With Republicans and Democrats poised to spend in excess of $100 million on their conventions in New York and Boston, an independent task force has called for an overhaul of the way national political conventions are funded.
“The FEC rules have created a $100 million loophole for unlimited soft-money contributions to the political parties,” said Michael Malbin, executive director of the Campaign Finance Institute, a nonpartisan organization affiliated with George Washington University.
In a newly released study on soft money and the party conventions, CFI provided a detailed look at the fundraising mechanisms being employed by Republicans and Democrats and offered a detailed analysis of the activities of fundraisers and donors to both parties’ host committees.
CFI’s Task Force on Presidential Nomination Financing is urging that the national party committees be limited to raising only hard money for conventions — a move that CFI officials predicted would close a loophole that is at odds with the Bipartisan Campaign Reform Act’s ban on national party soft money, as well as reduce the “gaudiness” of the highly orchestrated political extravaganzas.
The task force is also calling on the Internal Revenue Service to reassess its classification of convention host committees as section 501(c)(3) charities, to which all donations are tax-deductible.
“The IRS needs to look much more carefully at this question,” said CFI Associate Director for policy Steve Weissman, who helped author the new study. Weissman noted that the U.S. tax code specifically prohibits charities from engaging in political campaigns, something he believes the host committees are clearly doing.
In addition, the report analyzes changes in Federal Election Commission regulations over the past decade and the impact those changes have had on fundraising for the party’s quadrennial extravaganzas.
In 2003, the Federal Election Commission eliminated a requirement that money raised for convention expenses and promotion of the host city be raised only from local businesses, labor groups and individuals. This opened the door for corporations from around the nation to get into the convention-sponsorship game.
Some experts who did not serve on the CFI panel disagreed with the report’s conclusions.
In an interview, FEC Commissioner Michael Toner, a Republican who worked on President Bush’s 2000 presidential campaign, rejected the notion that anything is amiss with the FEC’s view on convention funding.

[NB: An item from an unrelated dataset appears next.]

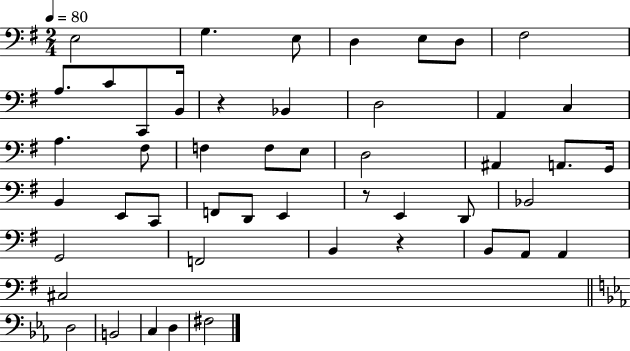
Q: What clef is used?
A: bass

“Last year when the [FEC] looked at convention financing, we found that there was no evidence that Congress in any way intended to restrict the way convention host committees operate and raise funds,” Toner said. “We noted that there’s no mention of convention fundraising or host committees in [BCRA and] virtually no floor debate on the subject.
“In our view, Congress just didn’t focus on this area in passing McCain-Feingold,” Toner said. “If Congress had intended to alter the way conventions are financed, there clearly would have been significant floor debate on this topic.”
Toner also defended his agency’s decision to abolish the requirement that donors to conventions be local.
“The locality requirement discriminated against smaller-market cities,” said Toner, who noted that Republicans had a difficult time raising money for their 1996 convention in San Diego because the city is significantly smaller than other recent convention sites, such as Chicago, Los Angeles and New York.
Toner said the change “places all cities in this country on equal footing” and seems to have worked well for the Democrats in Boston.
Former Democratic National Committee Chairman Don Fowler, a member of the CFI panel, offered his own suggestions about how conventions might be altered to save money while also delivering greater punch.
Fowler said a two- or three-day weekend convention would be “more convenient” and “less expensive” to mount, and would allow “different kinds of people and people of modest means to participate” in the convention process.
He estimated that a typical week’s stay at one of the conventions costs somewhere in the neighborhood of $3,500 to $5,000.
“There are a lot of Democrats who can’t afford that,” he said. Winkingly, he added, “There are even some Republicans who can’t afford that.”